E o desempenho sexual da mulher pode atrapalhar de alguma forma? Sim. Em alguns casos, transtornos sexuais da parceira podem piorar, agravar ou dificultar o tratamento do homem mulheres que não conseguem atingir o orgasmo, por exemplo. Nessas situações, é necessário que ela também seja tratada.

Como é o tratamento?
O primeiro passo é o homem se conscientizar que deve buscar ajuda de um urologista. O médico, inicialmente, pesquisa a história clínica do paciente. Fazemos perguntas de um modo geral, incluindo a sua saúde psicológica, hábitos e a vida sexual completa: medos e ansiedades relacionados a ela, o início dos sintomas, distúrbios de ereção, rupturas e relacionamentos problemáticos. Nem sempre dá para colher todas as informações numa única consulta, por inibição do próprio paciente. Mas é importante obter o histórico completo, porque a partir dele o urologista já tem pistas das hipóteses diagnósticas. Além do exame físico habitual, o urologista deve solicitar exames de rotina, mesmo com as hipóteses já formuladas. Os casos de impotência devem ser tratados com as medicações adequadas. O uso de drogas para ereções seja via oral, injetável (no pênis) ou hormônios é indicado apenas quando há diagnóstico de impotência.

A terapia só traz efeitos nos casos de fundo emocional?
A terapia psicológica direcionada é muito importante em todos os casos, principalmente para o entendimento das reações de ansiedade. A terapia comportamental, com técnicas para retardar o momento da ejaculação, também é eficaz. Os medicamentos que retardam a ejaculação devem ser utilizados apenas como auxiliar ao tratamento, já que os resultados esperados são temporários, e nem sempre eficazes. Isso sem contar alguns efeitos colaterais, como sono e irritabilidade. (Troque a terapia pela academia em casal)

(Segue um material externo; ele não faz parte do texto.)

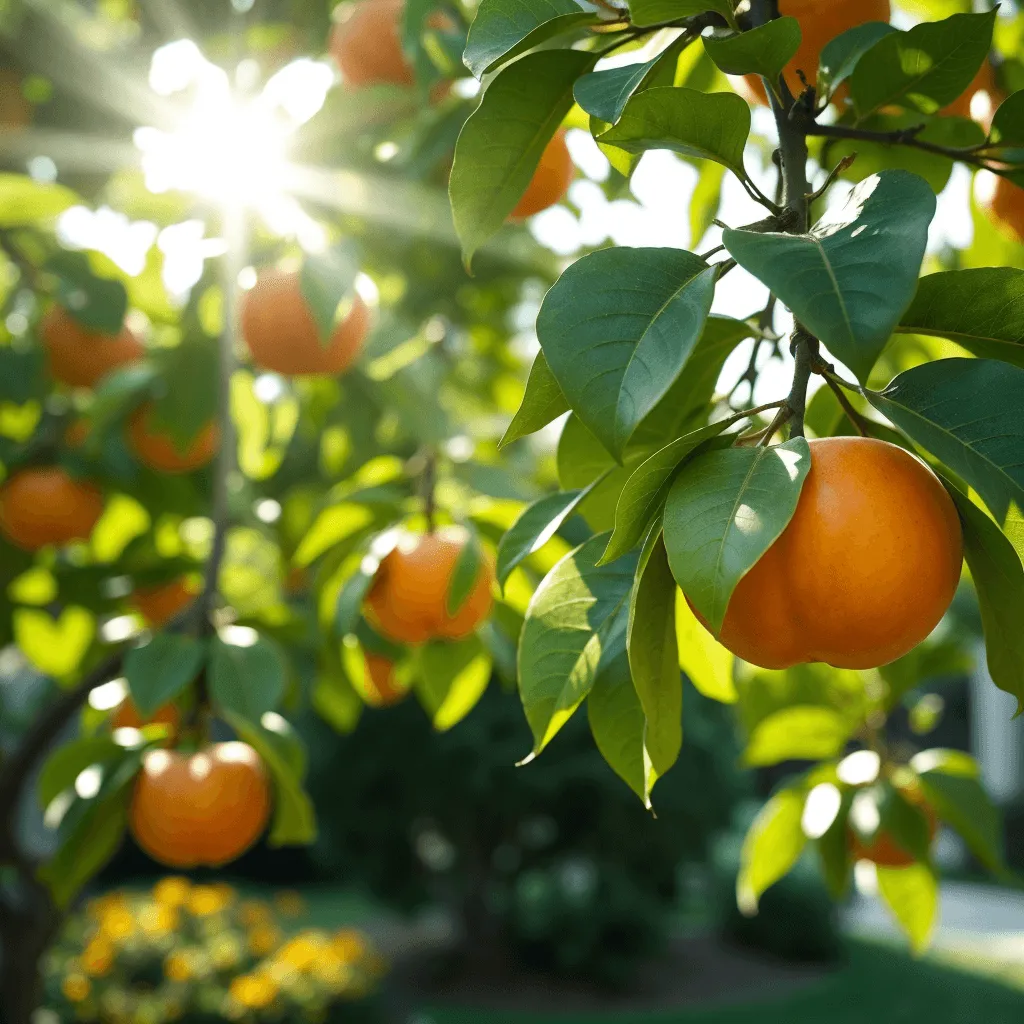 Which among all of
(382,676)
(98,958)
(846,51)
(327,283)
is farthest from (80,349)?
(98,958)

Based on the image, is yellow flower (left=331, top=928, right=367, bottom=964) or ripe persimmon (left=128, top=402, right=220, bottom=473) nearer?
ripe persimmon (left=128, top=402, right=220, bottom=473)

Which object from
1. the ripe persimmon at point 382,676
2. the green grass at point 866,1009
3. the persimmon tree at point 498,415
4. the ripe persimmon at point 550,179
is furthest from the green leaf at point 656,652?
the green grass at point 866,1009

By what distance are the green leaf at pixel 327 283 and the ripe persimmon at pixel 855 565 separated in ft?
3.20

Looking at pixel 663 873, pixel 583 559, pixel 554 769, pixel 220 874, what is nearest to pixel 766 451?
pixel 583 559

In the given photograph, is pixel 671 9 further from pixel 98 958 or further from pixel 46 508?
pixel 98 958

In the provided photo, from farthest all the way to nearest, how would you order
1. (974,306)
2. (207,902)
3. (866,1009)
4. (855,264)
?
1. (866,1009)
2. (207,902)
3. (974,306)
4. (855,264)

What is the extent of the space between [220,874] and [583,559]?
409 inches

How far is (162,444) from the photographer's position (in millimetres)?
1990

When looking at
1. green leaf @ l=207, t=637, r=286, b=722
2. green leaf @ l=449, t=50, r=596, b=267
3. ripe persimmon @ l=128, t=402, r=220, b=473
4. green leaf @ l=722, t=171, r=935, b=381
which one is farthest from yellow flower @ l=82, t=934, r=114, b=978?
green leaf @ l=722, t=171, r=935, b=381

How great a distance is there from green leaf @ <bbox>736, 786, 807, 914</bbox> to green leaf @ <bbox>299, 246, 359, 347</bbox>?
0.91m

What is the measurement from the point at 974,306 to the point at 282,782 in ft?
3.26

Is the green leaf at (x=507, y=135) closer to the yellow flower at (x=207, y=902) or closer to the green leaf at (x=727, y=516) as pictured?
the green leaf at (x=727, y=516)

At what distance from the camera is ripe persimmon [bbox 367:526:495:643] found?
139cm

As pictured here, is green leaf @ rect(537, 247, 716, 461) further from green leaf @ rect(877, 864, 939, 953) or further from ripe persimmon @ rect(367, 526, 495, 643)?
green leaf @ rect(877, 864, 939, 953) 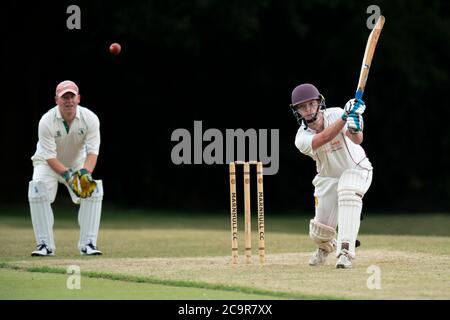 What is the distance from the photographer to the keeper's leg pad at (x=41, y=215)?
10.4 meters

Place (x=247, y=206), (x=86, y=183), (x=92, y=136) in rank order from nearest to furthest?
(x=247, y=206)
(x=86, y=183)
(x=92, y=136)

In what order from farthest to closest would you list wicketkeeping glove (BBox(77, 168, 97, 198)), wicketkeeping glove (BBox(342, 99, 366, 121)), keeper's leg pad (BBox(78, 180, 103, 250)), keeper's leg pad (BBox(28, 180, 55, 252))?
keeper's leg pad (BBox(78, 180, 103, 250)) → keeper's leg pad (BBox(28, 180, 55, 252)) → wicketkeeping glove (BBox(77, 168, 97, 198)) → wicketkeeping glove (BBox(342, 99, 366, 121))

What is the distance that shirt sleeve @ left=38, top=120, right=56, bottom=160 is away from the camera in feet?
34.4

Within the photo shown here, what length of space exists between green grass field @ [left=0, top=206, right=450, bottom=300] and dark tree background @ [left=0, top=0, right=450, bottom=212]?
6.54 m

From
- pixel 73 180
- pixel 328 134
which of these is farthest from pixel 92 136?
pixel 328 134

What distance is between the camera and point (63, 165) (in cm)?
1070

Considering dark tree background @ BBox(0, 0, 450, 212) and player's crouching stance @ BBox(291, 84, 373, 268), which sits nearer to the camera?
player's crouching stance @ BBox(291, 84, 373, 268)

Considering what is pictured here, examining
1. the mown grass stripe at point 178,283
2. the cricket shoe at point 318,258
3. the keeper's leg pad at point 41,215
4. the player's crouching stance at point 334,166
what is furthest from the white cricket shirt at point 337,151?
the keeper's leg pad at point 41,215

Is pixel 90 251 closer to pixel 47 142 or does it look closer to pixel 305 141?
pixel 47 142

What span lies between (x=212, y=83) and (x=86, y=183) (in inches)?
469

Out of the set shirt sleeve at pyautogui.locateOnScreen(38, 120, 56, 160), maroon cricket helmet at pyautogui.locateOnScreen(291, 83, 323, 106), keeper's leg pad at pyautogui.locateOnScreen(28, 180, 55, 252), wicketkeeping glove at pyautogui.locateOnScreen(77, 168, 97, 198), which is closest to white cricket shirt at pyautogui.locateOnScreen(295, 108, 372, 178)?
maroon cricket helmet at pyautogui.locateOnScreen(291, 83, 323, 106)

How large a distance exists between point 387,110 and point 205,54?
157 inches

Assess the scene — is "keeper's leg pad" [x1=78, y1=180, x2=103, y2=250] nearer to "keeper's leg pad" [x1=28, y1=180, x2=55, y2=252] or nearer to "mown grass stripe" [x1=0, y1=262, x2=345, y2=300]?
"keeper's leg pad" [x1=28, y1=180, x2=55, y2=252]

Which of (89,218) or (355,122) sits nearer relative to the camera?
(355,122) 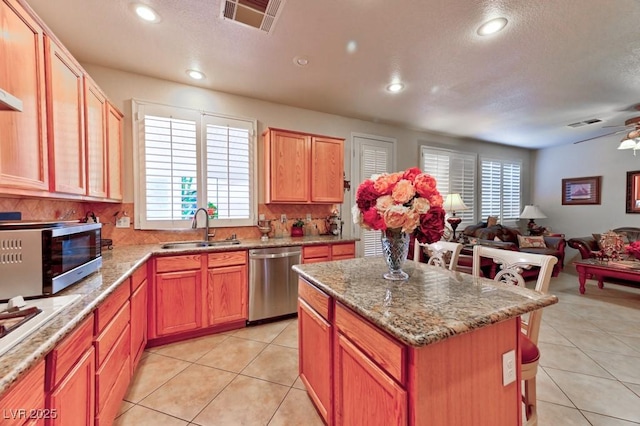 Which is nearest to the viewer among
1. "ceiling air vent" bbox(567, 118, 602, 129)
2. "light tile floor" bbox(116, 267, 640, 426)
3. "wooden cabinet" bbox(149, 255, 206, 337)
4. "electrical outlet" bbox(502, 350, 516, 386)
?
"electrical outlet" bbox(502, 350, 516, 386)

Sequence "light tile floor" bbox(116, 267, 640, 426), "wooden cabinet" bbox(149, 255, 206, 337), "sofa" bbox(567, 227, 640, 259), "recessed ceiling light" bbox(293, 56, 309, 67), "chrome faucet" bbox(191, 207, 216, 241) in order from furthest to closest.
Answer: "sofa" bbox(567, 227, 640, 259) → "chrome faucet" bbox(191, 207, 216, 241) → "recessed ceiling light" bbox(293, 56, 309, 67) → "wooden cabinet" bbox(149, 255, 206, 337) → "light tile floor" bbox(116, 267, 640, 426)

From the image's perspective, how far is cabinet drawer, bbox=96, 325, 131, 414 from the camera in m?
1.28

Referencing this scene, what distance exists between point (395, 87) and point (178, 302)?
332 centimetres

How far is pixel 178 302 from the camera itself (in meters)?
2.48

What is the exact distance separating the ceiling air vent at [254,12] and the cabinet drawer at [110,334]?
217cm

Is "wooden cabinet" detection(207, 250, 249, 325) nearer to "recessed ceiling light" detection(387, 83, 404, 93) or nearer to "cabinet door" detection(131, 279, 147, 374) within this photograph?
"cabinet door" detection(131, 279, 147, 374)

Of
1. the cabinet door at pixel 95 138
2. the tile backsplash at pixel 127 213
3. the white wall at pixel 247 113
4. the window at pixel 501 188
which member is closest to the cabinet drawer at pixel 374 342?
the cabinet door at pixel 95 138

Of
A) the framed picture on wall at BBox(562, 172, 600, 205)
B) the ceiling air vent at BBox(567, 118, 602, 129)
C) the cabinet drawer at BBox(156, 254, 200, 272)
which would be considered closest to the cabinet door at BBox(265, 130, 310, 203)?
the cabinet drawer at BBox(156, 254, 200, 272)

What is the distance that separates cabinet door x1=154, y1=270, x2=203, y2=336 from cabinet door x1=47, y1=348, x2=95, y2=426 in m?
1.25

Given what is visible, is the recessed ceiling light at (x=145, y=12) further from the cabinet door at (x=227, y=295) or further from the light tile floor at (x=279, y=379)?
the light tile floor at (x=279, y=379)

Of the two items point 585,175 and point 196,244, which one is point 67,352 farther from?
point 585,175

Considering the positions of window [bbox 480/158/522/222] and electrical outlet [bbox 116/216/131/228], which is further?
window [bbox 480/158/522/222]

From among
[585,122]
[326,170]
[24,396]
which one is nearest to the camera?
[24,396]

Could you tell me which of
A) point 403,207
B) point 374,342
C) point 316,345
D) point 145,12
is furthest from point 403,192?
point 145,12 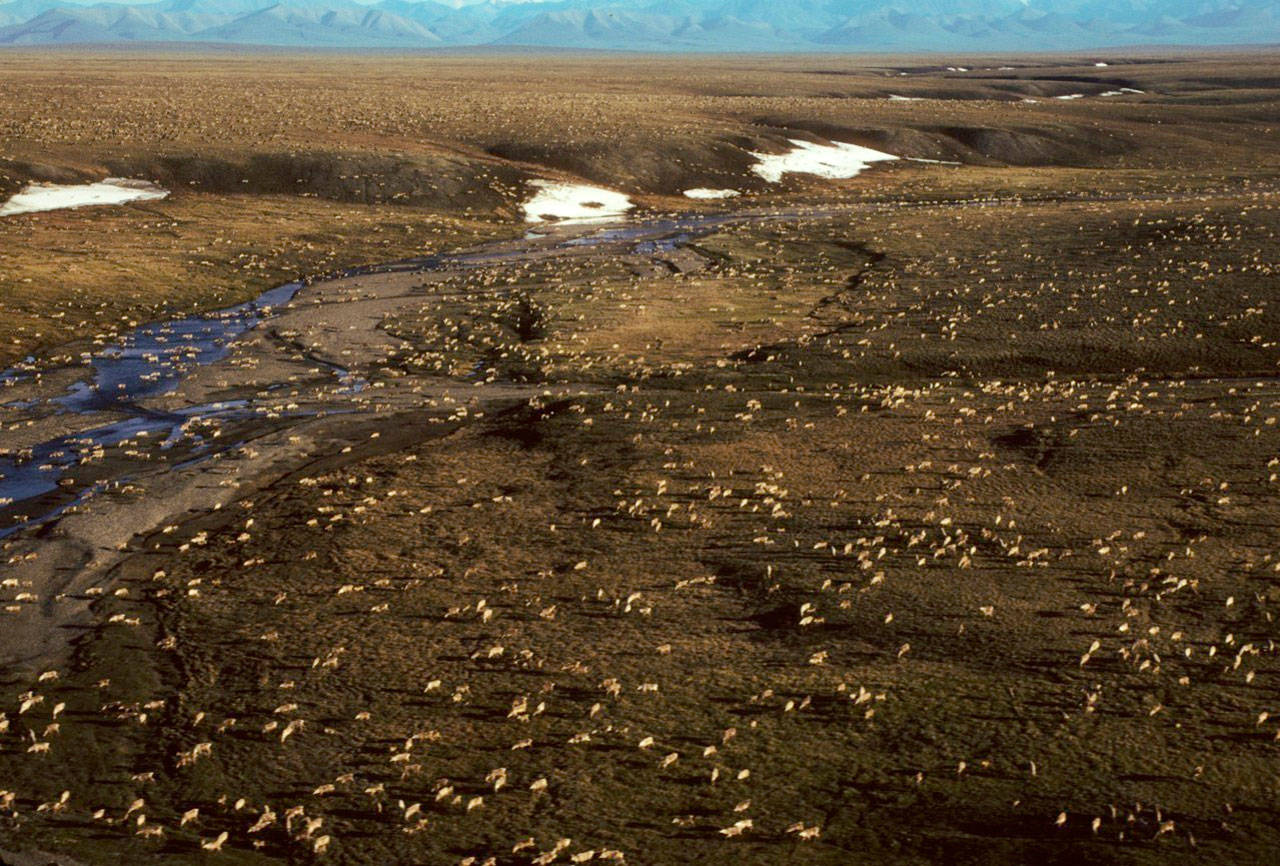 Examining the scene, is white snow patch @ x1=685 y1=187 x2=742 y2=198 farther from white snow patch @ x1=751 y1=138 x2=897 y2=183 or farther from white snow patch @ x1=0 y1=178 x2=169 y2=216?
white snow patch @ x1=0 y1=178 x2=169 y2=216

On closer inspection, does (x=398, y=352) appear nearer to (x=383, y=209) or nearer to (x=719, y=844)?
(x=719, y=844)

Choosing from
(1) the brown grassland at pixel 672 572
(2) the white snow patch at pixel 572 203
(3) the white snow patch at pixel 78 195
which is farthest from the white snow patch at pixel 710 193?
(3) the white snow patch at pixel 78 195

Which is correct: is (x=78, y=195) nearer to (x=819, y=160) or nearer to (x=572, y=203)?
(x=572, y=203)

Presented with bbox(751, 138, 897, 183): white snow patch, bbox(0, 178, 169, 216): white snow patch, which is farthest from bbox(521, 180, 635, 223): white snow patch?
bbox(0, 178, 169, 216): white snow patch

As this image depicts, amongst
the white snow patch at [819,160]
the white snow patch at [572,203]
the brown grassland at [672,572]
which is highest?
the white snow patch at [819,160]

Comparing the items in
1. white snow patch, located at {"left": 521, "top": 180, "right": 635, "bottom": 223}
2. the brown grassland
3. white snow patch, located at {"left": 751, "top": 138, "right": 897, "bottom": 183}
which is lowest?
the brown grassland

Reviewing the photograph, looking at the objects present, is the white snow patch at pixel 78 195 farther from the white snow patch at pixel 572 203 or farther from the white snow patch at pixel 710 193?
the white snow patch at pixel 710 193

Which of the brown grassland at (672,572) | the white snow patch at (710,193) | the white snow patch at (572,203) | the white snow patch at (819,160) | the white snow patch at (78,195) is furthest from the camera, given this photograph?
the white snow patch at (819,160)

E em quanto tempo é possível reverter o problema?
O tempo de tratamento varia conforme cada caso e conforme cada pessoa em particular. Muitas vezes, só o fato do casal compreender o que está ocorrendo já é o suficiente para uma melhora completa ou quase completa. Quando o homem nunca tinha tido ejaculação precoce e, de repente, começa a ter é mais rápido tratar. Isso porque pacientes que sempre tiveram o problema demandam sessões de a terapia comportamental, com técnicas e exercícios para prolongar a ejaculação, além de medicações específicas, mesmo que temporárias.